Texas lawmakers are moving ahead with a huge property tax cut thanks to a record budget surplus. 

The $130 billion general revenue fund biennial budget bills introduced last week by the Republican-controlled House and Senate include $15 billion in property tax cuts with the Senate version calling for increasing the homestead exemption to $70,00 from $40,000 at a cost to the state of $3 billion.

Gov. Gregg Abbott pushed for property tax relief throughout his successful campaign for a third term. 

“We now have the largest budget surplus that we’ve ever had in the history of our great state,” the Republican governor said in his Jan. 17 inaugural address. “That surplus does not belong to government. It belongs to the taxpayers. And we will use that budget surplus to provide the largest property tax cut in the history of the state of Texas.”

Revenue estimates announced Jan. 9 by Texas Comptroller Glenn Hegar projected a record $32.7 billion budget surplus at the end of the current biennium.

Texas ranked sixth among states for the highest property taxes paid as a percentage of owner-occupied housing value in 2020 at 1.66%, according to a September report from the Tax Foundation.

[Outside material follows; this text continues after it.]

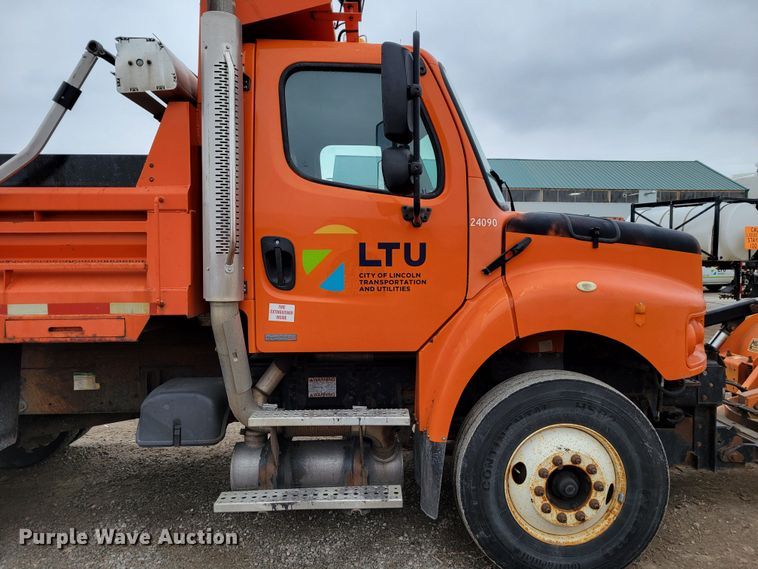 image for item DM8199 2005 Freightliner Business Class M2  dump truck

With the Lone Star State experiencing a population boom, the demand for housing has dramatically raised residential property values.

The exact form of the tax cut is unclear.

“They haven’t laid down any particular markers, just a dollar sign,” said Dick Lavine, senior fiscal analyst at the progressive public policy group Every Texan.

In an online post, Tim Hardin, president and CEO of Texans for Fiscal Responsibility, said one-third of the $15 billion cut would maintain tax relief passed in 2019, leaving two-thirds in “actual new relief.” 

“Out of the $9.7 billion in new relief, $3 billion will be used to raise the homestead exemption,” he said. “Homestead exemptions are not the ideal way to lower property taxes and actually make it more difficult in the long run to eliminate (school maintenance and operations taxes).”

Amanda Brownson, associate executive director of policy & research at the Texas Association of School Business Officials, said school districts “have not really benefited from property appraisal growth over the past several years.” 

“When the appraised value grows, the tax rate declines and/or the state share of funding declines,” she said in an email.

In the meantime, the legislatively mandated allotment of state general revenue funds going to districts has been flat since 2019, while schools are struggling with higher costs due to inflation, Brownson added. 

Lawmakers have also filed bills to fundamentally change the system for funding school operating budgets and to impose limits on the appraised value of property, but Lavine said some are repeats from previous sessions.

Republican State Rep. Andrew Murr reintroduced a bill to form a joint interim committee on the elimination of school district maintenance and operations property taxes starting Jan. 1, 2026.

The committee of five members from each legislative chamber would examine “the effectiveness of increasing the rate or expanding the application of consumption taxes currently imposed by the state” to meet its constitutional duty to support public schools. It would have a deadline of Nov. 1, 2024, to issue a report to the legislature.